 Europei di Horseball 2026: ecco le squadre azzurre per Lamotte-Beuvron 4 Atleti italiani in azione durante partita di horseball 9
○ ○ ○ ○
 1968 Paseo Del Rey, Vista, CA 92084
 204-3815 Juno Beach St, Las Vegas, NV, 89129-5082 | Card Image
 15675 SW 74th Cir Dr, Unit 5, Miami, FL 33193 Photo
○ ○ ○ ○
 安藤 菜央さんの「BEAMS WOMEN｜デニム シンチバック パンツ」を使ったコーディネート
○ ○ ○ ○
[Your task]:
Give back, word for word, only the lines above from the line holding "204-3815 Juno Beach" to the line holding "15675 SW 74th", both included.

[Solution to the problem]:
 204-3815 Juno Beach St, Las Vegas, NV, 89129-5082 | Card Image
 15675 SW 74th Cir Dr, Unit 5, Miami, FL 33193 Photo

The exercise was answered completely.